You have heard that it was said to the people long ago, ‘You shall not murder, and anyone who murders will be subject to judgment.’  But I tell you that anyone who is angry with a brother or sister will be subject to judgment. Again, anyone who says to a brother or sister, ‘Raca,’ is answerable to the court. And anyone who says, ‘You fool!’ will be in danger of the fire of hell. “Therefore, if you are offering your gift at the altar and there remember that your brother or sister has something against you, leave your gift there in front of the altar. First go and be reconciled to them; then come and offer your gift. “Settle matters quickly with your adversary who is taking you to court. Do it while you are still together on the way, or your adversary may hand you over to the judge, and the judge may hand you over to the officer, and you may be thrown into prison. Truly I tell you, you will not get out until you have paid the last penny.

The sixth (or seventh, if you’re Catholic) of the Ten Commandments in its familiar KJV rendering commands”Thou shalt not kill”, but is probably better translated “you shall not murder”. The Pentateuch expounds on this commandment quite a few times, distinguishing between accidental and deliberate deaths, with different punishments for each.

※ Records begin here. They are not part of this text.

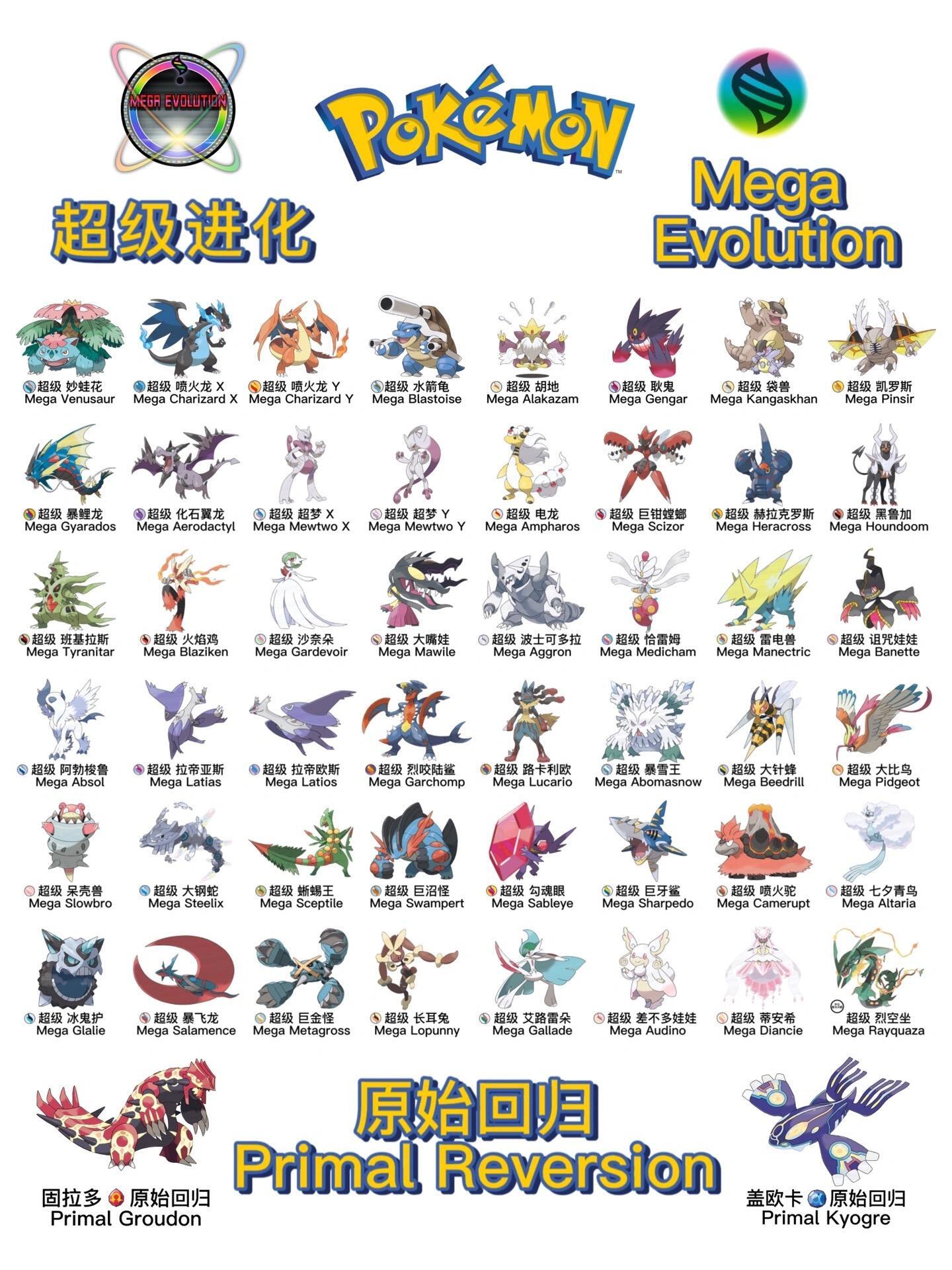 魔力宝贝宠物进化路线一览 魔力宝贝宠物进化路线一览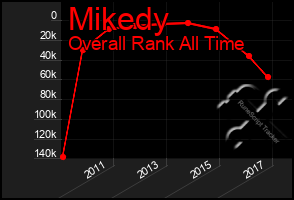 Total Graph of Mikedy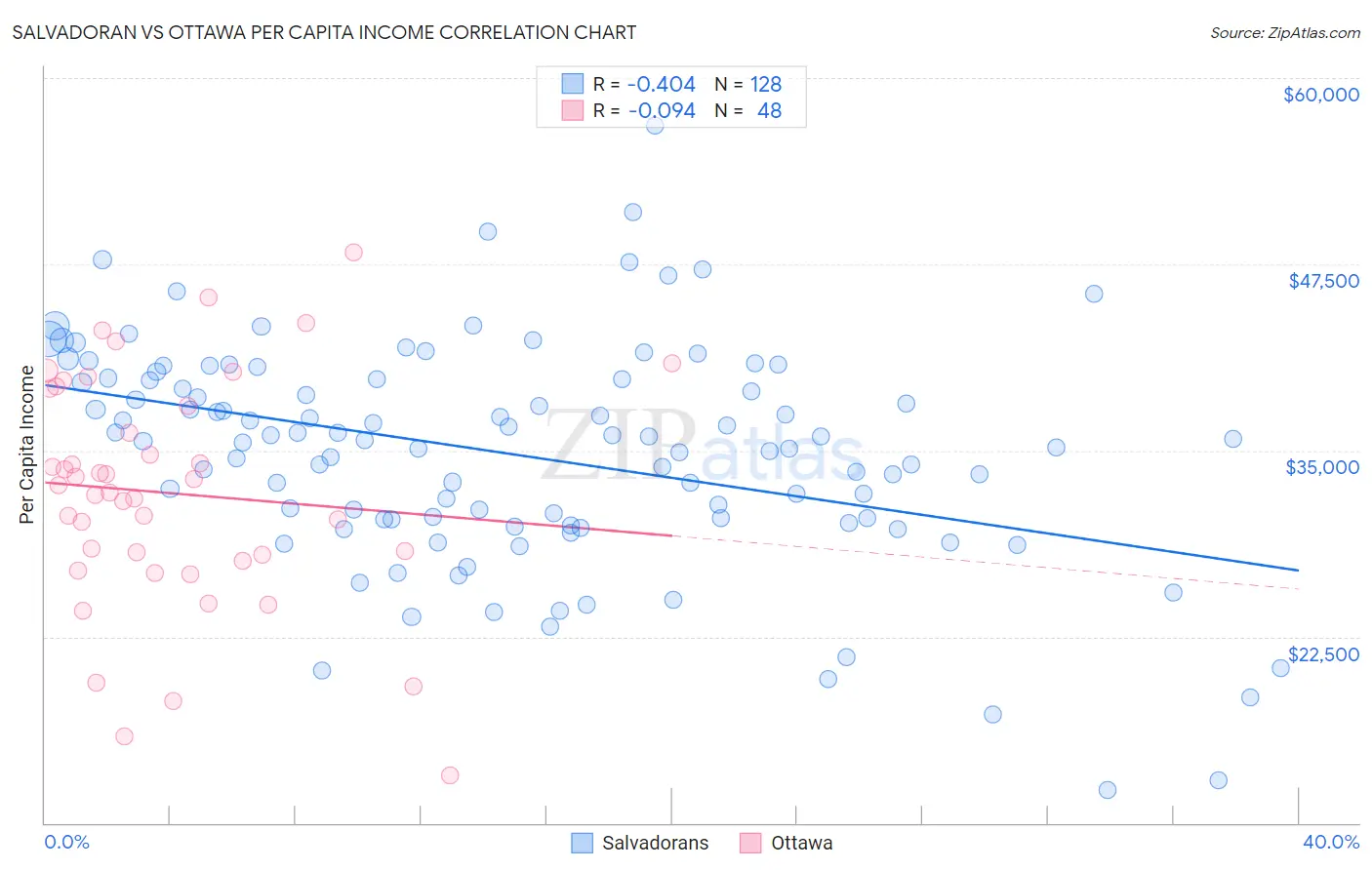 Salvadoran vs Ottawa Per Capita Income
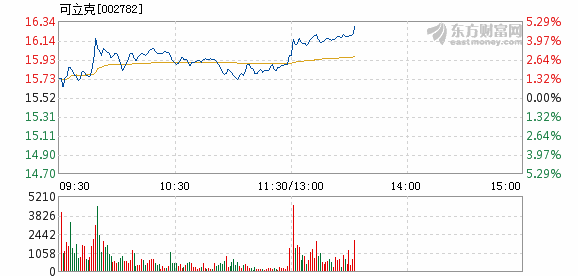 可立克3月22日盘中涨幅达5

Premeditated murder carries the death penalty on the testimony of two or three witnesses, with false witnesses subject to the same penalty. Where death occurs as a result of non-premeditated or accidental actions, the punishment may be fines or exile to sanctuary cities. Rather than elaborate on crime and punishment, Jesus focused on the principle behind the commandment. I understand this principle to be the sanctity of life.

“Sanctity of life” has come to be used as a synonym for “anti-abortion”, but I agree with Joan Chittester, who is quoted as saying  “I do not believe that just because you’re opposed to abortion, that that makes you pro-life. In fact, I think in many cases, your morality is deeply lacking if all you want is a child born but not a child fed, not a child educated, not a child housed. And why would I think that you don’t? Because you don’t want any tax money to go there. That’s not pro-life. That’s pro-birth. We need a much broader conversation on what the morality of pro-life is.” I think Jesus was trying to have a “much broader conversation” with his followers by going beyond the letter of the law and exposing its heart.

The path to the dark side begins with anger, Jesus says. But even more dangerous than anger is disdainful judgement and name-calling. “Raca” is a derogatory term derived from the root word “to spit”. When the Jewish people of Jesus’ day used that word, they were judging the recipient as worthless and good-for-nothing. We don’t use that word today, but we have plenty of substitutes that mean the same thing:”moochers” “welfare queens” “takers”. Calling other people fools has never gone out of vogue, although there quite a few creative variations on that theme, and Jesus seems to rank that one as the most dangerous of all.

Jesus goes on to say that you cannot connect to God if you are not connected with your fellow human beings. You can’t connect to God when you are consumed by anger. You can’t connect to God when you judge other human beings as worthless, stupid, or evil. God isn’t interested in your pious words and behaviors, but in how you think of other people, what you say about them, and how you treat them.  “I hate, I despise your religious feasts”, thunders Amos. “Rend your hearts and not your garments“, implores Joel. “The entire law is fulfilled in the single decree, Love your neighbor as yourself“, writes Paul. Furthermore, it is not just your spiritual life that will be negatively impacted when you persist in unloving thoughts, words, and behaviors. Many other unpleasant and undesirable consequences are likely to ensue.

If we believe life is sacred- special and precious- why don’t we consistently and holistically act like it?